This week we have a full issue of Insider News containing insights into how consumers want the health care system to change, concerns over the security of health technology, the consumerism trends that will affect health care in 2020, and more.
AllWays Health Partners announced a new program for members that was developed by the Massachusetts General Hospital Diabetes Center and is designed to prevent or delay the onset of diabetes, the seventh leading cause of death in the U.S.
The program called “Path to Lifestyle Change” will be offered at no additional out-of-pocket cost to AllWays Health Partners members who have been identified as being at-risk for developing type 2 diabetes, the most serious form of the disease.
A focus group study by the Center for Consumer Engagement in Health Innovation (the Center) identified several sources of dissatisfaction with the health care system among low-income consumers with complex health and social needs. Based on the poll, Director of the Center Ann Hwang, MD, identified the following takeaways:
- Consumers are looking for an ongoing relationship with their primary care provider built on trust.
- Consumers struggle to manage their health care and get in touch with social services, and highly value having a coordinator or navigator who can help.

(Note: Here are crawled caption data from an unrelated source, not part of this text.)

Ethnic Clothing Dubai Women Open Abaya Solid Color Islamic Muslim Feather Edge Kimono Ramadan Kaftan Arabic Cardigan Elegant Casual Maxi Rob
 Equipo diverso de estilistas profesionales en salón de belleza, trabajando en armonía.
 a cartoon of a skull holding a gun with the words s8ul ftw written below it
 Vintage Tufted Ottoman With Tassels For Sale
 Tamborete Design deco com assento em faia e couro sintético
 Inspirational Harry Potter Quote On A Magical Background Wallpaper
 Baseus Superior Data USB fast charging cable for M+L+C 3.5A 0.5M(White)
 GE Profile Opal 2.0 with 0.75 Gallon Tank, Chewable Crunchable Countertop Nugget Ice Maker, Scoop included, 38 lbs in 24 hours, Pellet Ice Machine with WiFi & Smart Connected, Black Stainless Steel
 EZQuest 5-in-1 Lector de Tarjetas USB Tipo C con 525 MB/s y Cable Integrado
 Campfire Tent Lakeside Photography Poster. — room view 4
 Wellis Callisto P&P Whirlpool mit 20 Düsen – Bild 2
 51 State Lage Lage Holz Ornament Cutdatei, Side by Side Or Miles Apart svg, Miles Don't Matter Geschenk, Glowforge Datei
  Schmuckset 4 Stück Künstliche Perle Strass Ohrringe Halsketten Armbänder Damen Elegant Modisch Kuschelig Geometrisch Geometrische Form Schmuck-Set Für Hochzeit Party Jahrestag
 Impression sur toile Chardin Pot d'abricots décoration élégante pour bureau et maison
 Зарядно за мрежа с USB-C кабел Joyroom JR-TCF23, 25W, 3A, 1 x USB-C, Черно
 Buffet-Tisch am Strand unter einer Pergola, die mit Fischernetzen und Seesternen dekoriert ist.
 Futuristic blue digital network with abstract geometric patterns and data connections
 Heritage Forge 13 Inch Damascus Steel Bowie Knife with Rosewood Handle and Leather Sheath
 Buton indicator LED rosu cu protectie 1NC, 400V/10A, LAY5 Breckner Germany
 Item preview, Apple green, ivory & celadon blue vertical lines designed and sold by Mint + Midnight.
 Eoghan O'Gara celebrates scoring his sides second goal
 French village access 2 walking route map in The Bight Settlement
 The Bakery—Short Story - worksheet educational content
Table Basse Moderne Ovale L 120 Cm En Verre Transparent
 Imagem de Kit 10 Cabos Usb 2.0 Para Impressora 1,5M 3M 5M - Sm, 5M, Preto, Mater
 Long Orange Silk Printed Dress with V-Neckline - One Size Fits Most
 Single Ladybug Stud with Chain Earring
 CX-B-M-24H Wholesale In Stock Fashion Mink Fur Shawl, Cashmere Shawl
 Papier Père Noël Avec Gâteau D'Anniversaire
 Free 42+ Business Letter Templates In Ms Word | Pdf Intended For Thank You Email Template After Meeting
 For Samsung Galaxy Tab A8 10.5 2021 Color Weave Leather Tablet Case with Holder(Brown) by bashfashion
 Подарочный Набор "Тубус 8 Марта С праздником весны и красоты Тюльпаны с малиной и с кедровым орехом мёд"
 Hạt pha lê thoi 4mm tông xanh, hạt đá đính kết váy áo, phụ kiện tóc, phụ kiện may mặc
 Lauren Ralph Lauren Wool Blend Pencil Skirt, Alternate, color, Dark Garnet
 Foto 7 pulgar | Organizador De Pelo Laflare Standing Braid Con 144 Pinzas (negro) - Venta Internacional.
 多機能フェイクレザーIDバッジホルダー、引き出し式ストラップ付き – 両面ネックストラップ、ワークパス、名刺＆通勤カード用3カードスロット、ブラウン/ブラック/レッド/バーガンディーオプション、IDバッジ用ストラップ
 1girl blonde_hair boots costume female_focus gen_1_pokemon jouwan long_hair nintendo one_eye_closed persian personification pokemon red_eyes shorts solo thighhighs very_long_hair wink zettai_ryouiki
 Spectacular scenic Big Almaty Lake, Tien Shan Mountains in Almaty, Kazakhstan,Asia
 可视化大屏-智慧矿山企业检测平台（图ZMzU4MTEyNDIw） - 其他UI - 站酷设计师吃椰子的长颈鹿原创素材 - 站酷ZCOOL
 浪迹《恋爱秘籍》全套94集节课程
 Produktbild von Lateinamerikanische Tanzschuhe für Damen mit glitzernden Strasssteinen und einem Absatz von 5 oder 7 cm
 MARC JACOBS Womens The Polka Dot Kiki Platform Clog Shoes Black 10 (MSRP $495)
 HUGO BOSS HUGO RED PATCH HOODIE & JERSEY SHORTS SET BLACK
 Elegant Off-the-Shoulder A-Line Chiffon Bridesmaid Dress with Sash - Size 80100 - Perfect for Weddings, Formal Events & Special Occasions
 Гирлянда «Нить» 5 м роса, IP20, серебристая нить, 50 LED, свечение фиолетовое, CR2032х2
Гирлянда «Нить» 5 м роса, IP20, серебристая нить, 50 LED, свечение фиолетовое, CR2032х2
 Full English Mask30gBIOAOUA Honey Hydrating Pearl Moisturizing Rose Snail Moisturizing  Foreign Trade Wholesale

- Consumers understand that medical treatment is only part of their overall health needs, and are looking for a more holistic approach from their primary care providers.
- Consumers want one central location where they can go to receive all their health care and treatments, including medical and social services.
- Consumers are looking for a provider who is not just medically trained, but also takes time to understand their life experience and uses language they can understand.
The Altarum Healthcare Value Hub released a scorecard ranking 42 states and the District of Columbia on the following policy areas: extending coverage, lowering out-of-pocket costs, reducing low-value care, and curbing excess prices. States were also rated according to their outcomes following the enactment of said policies.
According to the report, Massachusetts was among the highest scoring states in terms of policy actions to extend affordable coverage to all state residents. It was also among the highest in terms of coverage outcomes (i.e., reducing the portion of the population that is uninsured).
A recent survey of over 1,000 American adults found that more than 60% said privacy issues deter them from using telemedicine and wearable fitness trackers.
The survey, conducted by Kantar in partnership with the Digital Health Summit, showed that consumers are skeptical about safeguards around their personal data. Only 38% trust that their information is protected, while 36% say they don't believe it is, and 26% are unsure.
Despite these concerns, however, the survey also found that more than half of Americans agree technology helps make them more connected to providers and aware of their personal care.
In 2020 consumerism will play a greater role in how payers make deals, use technology, hire, pursue equity, and spend
Ben Isgur, Health Research Institute (HRI) leader for PricewaterhouseCoopers (PwC), says consumerism trends impacting health care include:
- Consumerism will change discussions about deal-making in 2020. The country can still expect a high volume of deals but the purpose will be different. In 2020, payers will instead use mergers to reform their image in consumers' minds.
- Technology will play a significant role in consumer experience in 2020. Once payers recognize the need for technology, they face the challenge of where to find workers with the skills to implement these new tools. It will be a year for payers to bulk up their workforce with technologically skilled workers.
- Having an equal representation of potential consumers in clinical studies, in algorithm development, and across the industry will be crucial in 2020. Yet health care executives don't recognize the significance workforce diversity can have on consumer experience.
- Payers will continue to focus on affordability as consumers continue to struggle with high out-of-pocket costs, burdensome deductibles, rising premiums and higher health care spending overall.